May I ask the hon. Gentleman—

Mr. Robens

I do not think there would be time. The hon. and gallant Member can ask if I finish in time, when I would be very glad to give way. Perhaps I might continue with this point. The hon. Baronet drew my attention to Section 2 dealing with development involving substantial outlay on capital account, and said that the National Coal Board ought to have referred the matter to the Minister for his approval. I suggest, in all seriousness, that the working of an isolated seam, or a number of seams, or even the extension of a particular colliery, is not a question of substantial capital outlay in the sense intended in that Section. It is certainly not intended that the expenditure of a few thousand pounds in relation to a particular seam or pit should come within the scope of this Section. I could not accept on behalf of my right hon. Friend that the amount of money which the hon. Baronet has mentioned could be regarded as involving substantial outlay on capital account, because in working this seam it seems, speaking offhand, that a substantial outlay on capital account is not involved. When we come to the complete re-equipment and the broad lines of policy involving really substantial sums, then, of course, the Minister would deal with it under the Act. But I would not accept for a moment that the mere development of one particular seam could be regarded as substantial. If the hon. and gallant Member now wishes to put a point to me I will gladly give way.

Lieut.-Colonel Elliot (Scottish Universities)
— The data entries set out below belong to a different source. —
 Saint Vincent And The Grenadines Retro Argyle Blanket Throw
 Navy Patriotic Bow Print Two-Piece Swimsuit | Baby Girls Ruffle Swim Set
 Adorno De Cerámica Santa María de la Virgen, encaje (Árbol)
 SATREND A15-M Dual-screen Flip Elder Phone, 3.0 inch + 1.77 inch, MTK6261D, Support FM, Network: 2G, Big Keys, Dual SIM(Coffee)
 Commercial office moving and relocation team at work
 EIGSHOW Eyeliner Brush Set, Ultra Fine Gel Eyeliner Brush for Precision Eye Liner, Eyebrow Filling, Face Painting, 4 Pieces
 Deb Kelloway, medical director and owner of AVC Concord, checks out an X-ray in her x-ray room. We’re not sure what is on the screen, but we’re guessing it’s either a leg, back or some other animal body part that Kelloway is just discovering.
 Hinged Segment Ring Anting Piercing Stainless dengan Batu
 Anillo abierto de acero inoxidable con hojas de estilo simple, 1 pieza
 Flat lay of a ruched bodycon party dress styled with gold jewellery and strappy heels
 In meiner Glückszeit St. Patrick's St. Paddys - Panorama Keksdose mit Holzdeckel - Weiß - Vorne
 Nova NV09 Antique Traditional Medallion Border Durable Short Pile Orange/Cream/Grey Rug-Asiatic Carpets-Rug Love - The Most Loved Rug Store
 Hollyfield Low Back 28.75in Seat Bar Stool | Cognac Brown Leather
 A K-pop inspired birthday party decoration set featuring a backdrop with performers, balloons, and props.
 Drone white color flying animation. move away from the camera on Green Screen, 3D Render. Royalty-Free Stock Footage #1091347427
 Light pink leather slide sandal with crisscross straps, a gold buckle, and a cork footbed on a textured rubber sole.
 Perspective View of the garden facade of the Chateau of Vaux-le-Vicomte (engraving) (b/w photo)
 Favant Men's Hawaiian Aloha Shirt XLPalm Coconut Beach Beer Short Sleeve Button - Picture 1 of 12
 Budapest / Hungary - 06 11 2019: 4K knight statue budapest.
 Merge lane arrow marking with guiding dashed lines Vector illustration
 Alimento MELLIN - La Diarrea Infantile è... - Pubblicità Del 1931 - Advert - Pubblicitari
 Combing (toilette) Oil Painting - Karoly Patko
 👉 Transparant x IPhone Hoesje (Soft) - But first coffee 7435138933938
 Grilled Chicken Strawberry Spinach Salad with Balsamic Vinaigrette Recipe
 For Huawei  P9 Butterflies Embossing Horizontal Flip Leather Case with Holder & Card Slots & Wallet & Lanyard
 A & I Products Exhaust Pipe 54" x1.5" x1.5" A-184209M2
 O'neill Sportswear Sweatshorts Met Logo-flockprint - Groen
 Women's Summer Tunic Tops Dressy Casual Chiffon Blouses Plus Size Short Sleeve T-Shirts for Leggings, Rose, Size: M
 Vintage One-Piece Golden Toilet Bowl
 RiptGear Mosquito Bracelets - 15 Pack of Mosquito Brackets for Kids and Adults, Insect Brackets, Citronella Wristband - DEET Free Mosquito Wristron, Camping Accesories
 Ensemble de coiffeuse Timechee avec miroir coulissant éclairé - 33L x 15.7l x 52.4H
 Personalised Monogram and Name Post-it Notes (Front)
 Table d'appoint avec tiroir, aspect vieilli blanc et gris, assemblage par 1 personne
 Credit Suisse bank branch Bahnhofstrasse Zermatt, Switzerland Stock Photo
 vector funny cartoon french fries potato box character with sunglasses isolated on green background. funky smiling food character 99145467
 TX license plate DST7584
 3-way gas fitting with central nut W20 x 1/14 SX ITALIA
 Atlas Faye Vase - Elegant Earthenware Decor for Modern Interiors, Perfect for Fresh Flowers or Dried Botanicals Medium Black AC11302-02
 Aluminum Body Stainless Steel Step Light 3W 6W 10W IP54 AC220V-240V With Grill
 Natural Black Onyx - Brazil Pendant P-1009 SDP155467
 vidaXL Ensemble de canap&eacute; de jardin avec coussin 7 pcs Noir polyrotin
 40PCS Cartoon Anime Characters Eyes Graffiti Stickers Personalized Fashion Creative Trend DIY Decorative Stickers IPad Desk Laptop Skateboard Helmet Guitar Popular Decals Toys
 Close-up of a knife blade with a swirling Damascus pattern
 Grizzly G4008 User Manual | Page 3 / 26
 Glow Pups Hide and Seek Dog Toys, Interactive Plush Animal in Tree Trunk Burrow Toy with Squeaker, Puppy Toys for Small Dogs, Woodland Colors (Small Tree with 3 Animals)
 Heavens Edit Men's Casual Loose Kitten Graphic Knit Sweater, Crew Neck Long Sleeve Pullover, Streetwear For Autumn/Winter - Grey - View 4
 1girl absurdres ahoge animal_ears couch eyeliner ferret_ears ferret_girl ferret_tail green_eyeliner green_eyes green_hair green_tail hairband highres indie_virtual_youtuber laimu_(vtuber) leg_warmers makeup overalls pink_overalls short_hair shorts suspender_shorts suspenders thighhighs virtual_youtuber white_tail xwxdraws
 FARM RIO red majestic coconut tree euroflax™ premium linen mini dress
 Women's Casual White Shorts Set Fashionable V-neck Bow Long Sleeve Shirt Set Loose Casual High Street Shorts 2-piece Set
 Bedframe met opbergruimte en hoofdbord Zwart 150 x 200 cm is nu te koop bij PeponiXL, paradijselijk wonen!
Whilst the Parliamentary Secretary has made a very convincing legal case, I do not think that was what was in the mind of my hon. Friend. It is true, as the Parliamentary Secretary pointed out, that if the villagers feel they are entitled to support they can take certain steps under the Act, and so on, but I think my hon. Friend was pleading rather for mercy than for justice.

Mr. Robens rose

Lieut.-Colonel Elliot

Does the Parliamentary Secretary wish to intervene?

Mr. Robens

I was really only giving way to the hon. and gallant Member for Penrith and Cockermouth (Colonel Dower), but apparently the right hon. and gallant Gentleman took his place

Lieut.-Colonel Elliot

I thought the Minister had finished.

Mr. Robens

No. I was giving way because I had promised to do so. I suppose it was the same point?

Colonel Dower


Mr. Robens

With all due respect, I disagree entirely. The question raised by the hon. Baronet was one of subsidence, and, therefore, a question of support. The question of support is dealt with very adequately in the Mines (Working Facilities and Support) Act, 1923, and I consider that is a method which should be adopted. It can under no circumstances be regarded in the light of a national directive on policy, to which the hon. Baronet referred, and I could not advise my right hon. Friend to take action under the authority vested in him under the Act. I would point out that with the ownership of the coal there vests in the National Coal Board precisely the same rights to work it—no greater and no less—as were formerly enjoyed by the previous owners, and, had the matter been raised before the industry was nationalised, the reply which I should have had to give would have been very similar to the one which I have given tonight.

Sir J. Mellor

Will the hon. Gentleman at least agree that whatever right the law may give, the law will not give these villagers new homes?

Colonel Dower

In the moment remaining I would point out that when the Mines (Working Facilities and Support) Act was originally passed, it was very much more easy to rehouse people than it is now.

Question put, and agreed to.

Adjourned accordingly at Half-past Ten o'Clock.